What Are Mental Health Disorders?
What are mental health disorders? These are also commonly referred to as mental illnesses or mental psychiatric diseases, and they are medical conditions which cause a problem with the normal thought processes, emotions, mood stability, social interactions, and even normal functioning on a daily basis. Mental health disorders affect a large percentage of the population, and these conditions can cover a wide range of symptoms and behavior. The cause of mental health disorders can be a variety of factors, and these can include the genes, neurobiological causes, the environment, emotional factors, stress, and others. Roughly half of the people who experience these conditions will show symptoms before the age of fourteen years old.
Many individuals who suffer from mental health disorders do not seek treatment for their symptoms, in part because of the stigma attached with this type of illness. Mental health disorders are as real as physical diseases, but they may be harder to treat because some of the symptoms are not obvious to medical professionals or may indicate a number of illnesses without being specific.
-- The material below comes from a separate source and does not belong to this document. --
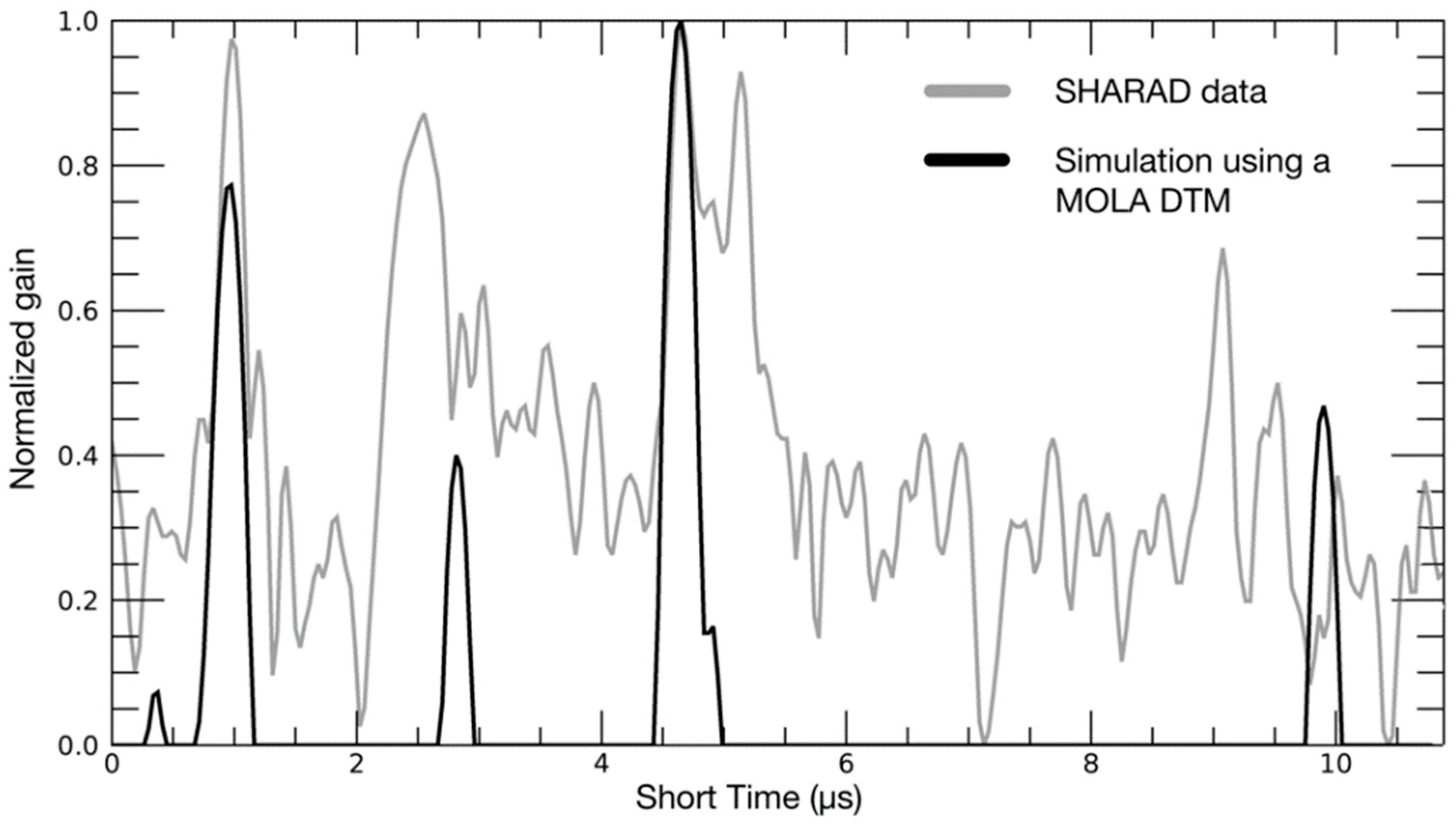 Remotesensing 15 00764 g001 Remotesensing 15 00764 g001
The rate of substance abuse among individuals who suffer from mental health disorders is much higher than what is seen in the general population, in part because the individual often self medicates with alcohol and street drugs. Jails and prisons across the country are full of individuals who have mental illnesses and have been caught up by the strict drug laws and the widespread closing of hospitals for these conditions over the last two decades.
Individuals who suffer from mental health disorders and substance abuse issues will receive a dual diagnosis. The substance abuse and addiction must be stopped so that effective medications can be given to control the mental health disorders. This requires a residential facility that is experienced in treating both mental illness and substance abuse. If these mental diseases are not treated they will continue to worsen over time, resulting in more severe symptom and frequently increased substance abuse as well. While the individual may think that the substance abuse helps it actually only makes the condition worse, and can lead to a deadly spiral.
Not all mental health disorders are severe enough to require hospitalization. Depression and other forms of mental illness may be mild, and while they can interfere with the quality of life and daily moods the mild forms of these disorders may not require a lengthy hospitalization to treat. When substance abuse is added and the individual has a dual diagnosis this complicates treatment, and a residential setting is usually required at least in the initial stages. Mental health disorders can successfully be treated and controlled, but adding alcohol and street drugs on top of a mental illness is a recipe for disaster.